One of the most famous cinematic post-apocalyptic worlds came to television in 1974. The TV adaptation of Planet of the Apes featured a future world, circa 3085 A.D. in which humans had become primitive slaves to a race of intelligent, talking apes. Ruins of our civilization still existed (and were seen in episodes such as "The Trap,") but the apes assured that none of man's knowledge could come back into the society's common knowledge.
The only post-apocalyptic, live-action Saturday morning series of the 1970s, meanwhile, was Filmation's Ark II (1976).
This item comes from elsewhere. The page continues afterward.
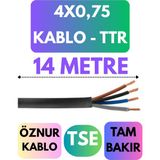 Öznur 4x0,75 Ttr Kablo Metre Seçenekli (Siyah) - 14 METRE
The series involved altruistic scientists driving impressive roving vehicle, as it attempted to re-connect various survivors of an environmental apocalypse.
Across the pond, the British series, Survivors (1975 - 1977) depicted a post-apocalyptic world of another sort.. A plague (again caused by an irresponsible scientist) wiped out most of the civilized world, sending the survivors back to a Dark Age with no electricity, no running water, and no law.
In 1977, Logan's Run -- a TV series based on the film -- was set in the 23rd century. Survivors of a war now inhabited a City of Domes, and had to face mandatory death at age 30 or flee the city for the wilds outside, in hopes of finding the mythical Sanctuary.
In the mid-1980s, Captain Power and the Soldiers of the Future (1987) was set after the Metal Wars, in 2147 AD, and pit a handful of mankind's survivors against the forces of the A.I., and Lord Dread (David Hemblen).
The X-Files (1993 - 2002) episode "Amor Fati," in the seventh season, featured a glimpse of a post-apocalyptic, post-colonization world, in which the human race was wiped out by aliens.
In 2006, Jericho ran for two seasons on CBS, and involved a town in Kansas that had survived a limited nuclear war, one in which 23 American cities were hit.
The most popular post-apocalyptic series in history, perhaps, is The Walking Dead (2010 - ). In this program, of course, a zombie apocalypse burns through the world, destroying modern civilization, and leaving behind a handful of rag-tag survivors to start anew.
Revolution (2012 - 2014), meanwhile, was a series from Eric Kripke set fifteen years after the electrical grid permanently went down, and post-apocalypse America was separated into several warring states.